By Healthcare Finance Staff

The Texas Supreme Court has denied an attempt by 14 hospitals to force the state Health and Human Services Commission to recalculate and repay the difference on past Medicaid claims.

After a protracted legal dispute over Medicaid reimbursement for fiscal years 2002 through 2009, the high court upheld a 2011 appeals court decision and clarified its own 2008 ruling overturning the agency's rate calculation administrative rules but only requiring the changes to be applied for future fiscal years.

The original suit stems from a 2001 challenge by 14 hospitals, including Methodist Healthcare System of San Antonio and Corpus Christi Medical Center, to the cut-off date used by the Health and Human Services Commission (HHSC) to calculate prospective Medicaid inpatient reimbursement rates.

The prospective payment system was first implemented in 1986, with HHSC re-calculating rates every three years and cutting off data collection of claims six months after the end of the base year, leaving three to five percent of paid claims from the base year out of the new calculation.

In 2001 HHSC denied the hospitals' administrative appeals challenging the cut-off date, on the grounds that they were not raising data entry errors, which can be appealed, but were contesting the rate calculation methodology, which isn't open to appeal under agency rules.

In their lawsuit, filed in 2002, the hospitals argued that the cut-off date was invalid because it wasn't adopted through the state Administrative Procedure Act's rule-making process and that they were unfairly denied appeals.

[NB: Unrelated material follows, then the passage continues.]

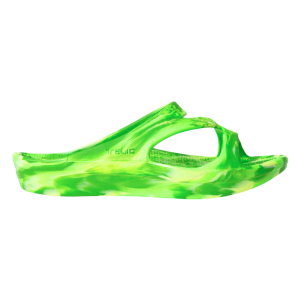 TELIC Unisex Z-Strap Slide Sandals (702) - Telic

After the district and appeals courts sided with HHSC, the Texas Supreme Court agreed in part with the hospitals in 2008. It declared the calculation rule invalid as adopted (but not invalidating the cut-off date), found that the hospitals were entitled to administrative hearings and sent the case back to the district court.

Although the high court never mentioned retroactive relief, the hospitals, represented by the Houston-based firm Vinson & Elkins, argued in the district court that the ruling should apply to past fiscal years and that HHSC should recalculate and pay the difference on claims from previous fiscal years starting in 2002.

At the same time that HHSC started creating a new calculation methodology without the cut-off dates, the agency argued that the Supreme Court ruling should only apply to future claims. The district court sided with the hospitals, but the appeals court sided with HHSC -- and the issue ended up before the Supreme Court, with oral arguments in February.

Texas Supreme Court Justice John Devine, writing a unanimous opinion (with one justice abstaining), denied the hospitals bid for repayment and clarified that the 2008 decision did not order HHSC to retroactively calculate payments.